MaartenGr / BERTopic

Leveraging BERT and c-TF-IDF to create easily interpretable topics.
https://maartengr.github.io/BERTopic/
MIT License
5.99k stars 752 forks source link

Add multi-label support for topics_per_class #872

Open lorsanta opened 1 year ago

lorsanta commented 1 year ago

Hi! I'm working with a multi-label dataset, and I'm trying to use the topics_per_class function. However, I noticed that the function only supports single labels. It would be great if the function could support multi-label datasets as well.

Maybe by adding an optional argument called problem_type, which could be set to either "multi-label" or "single-label", or by just checking the classes[0] type to be equal to list and change the behavior of the function based on that.

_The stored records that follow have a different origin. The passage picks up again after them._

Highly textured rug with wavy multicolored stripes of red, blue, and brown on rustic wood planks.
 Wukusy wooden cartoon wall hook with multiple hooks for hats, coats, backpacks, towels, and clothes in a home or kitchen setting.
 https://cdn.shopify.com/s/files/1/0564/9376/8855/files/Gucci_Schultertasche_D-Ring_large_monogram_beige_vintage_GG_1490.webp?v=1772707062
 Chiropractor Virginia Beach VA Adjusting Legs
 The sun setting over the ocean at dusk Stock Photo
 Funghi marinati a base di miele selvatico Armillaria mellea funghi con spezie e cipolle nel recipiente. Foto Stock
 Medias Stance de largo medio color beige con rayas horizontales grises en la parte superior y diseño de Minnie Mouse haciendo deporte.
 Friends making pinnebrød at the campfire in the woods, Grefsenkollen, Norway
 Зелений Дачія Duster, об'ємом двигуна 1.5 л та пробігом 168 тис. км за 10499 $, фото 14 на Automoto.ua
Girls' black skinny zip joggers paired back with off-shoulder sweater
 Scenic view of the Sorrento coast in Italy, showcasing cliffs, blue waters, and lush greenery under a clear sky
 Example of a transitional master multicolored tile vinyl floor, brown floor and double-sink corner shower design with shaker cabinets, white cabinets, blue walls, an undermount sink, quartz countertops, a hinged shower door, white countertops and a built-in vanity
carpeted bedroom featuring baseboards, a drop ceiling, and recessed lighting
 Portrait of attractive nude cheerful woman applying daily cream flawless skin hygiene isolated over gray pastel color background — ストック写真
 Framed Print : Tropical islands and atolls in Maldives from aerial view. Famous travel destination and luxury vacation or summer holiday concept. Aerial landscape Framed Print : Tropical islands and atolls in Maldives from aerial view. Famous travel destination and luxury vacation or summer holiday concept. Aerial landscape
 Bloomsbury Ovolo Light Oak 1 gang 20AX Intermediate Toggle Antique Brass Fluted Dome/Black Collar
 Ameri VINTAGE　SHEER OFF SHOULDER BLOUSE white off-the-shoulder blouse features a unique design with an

Personally to make it work I changed the lines:

https://github.com/MaartenGr/BERTopic/blob/845d423bdef44a4a68fc0b1c9362f97237035d3c/bertopic/_bertopic.py#L769-L772

with

  labels_list=set([label for labels_article in classes for label in labels_article])
  for _, class_ in tqdm(enumerate(labels_list), disable=not topic_model.verbose):

      # Calculate c-TF-IDF representation for a specific timestamp 
      selection = documents[documents.Class.apply(lambda c: class_ in c)]
MaartenGr commented 1 year ago

Thanks for sharing this! I will have to check whether additional sub-selection will be necessary or if a combination of classes might be preferred for some users. Combined with the visualization there might be additional updates necessary.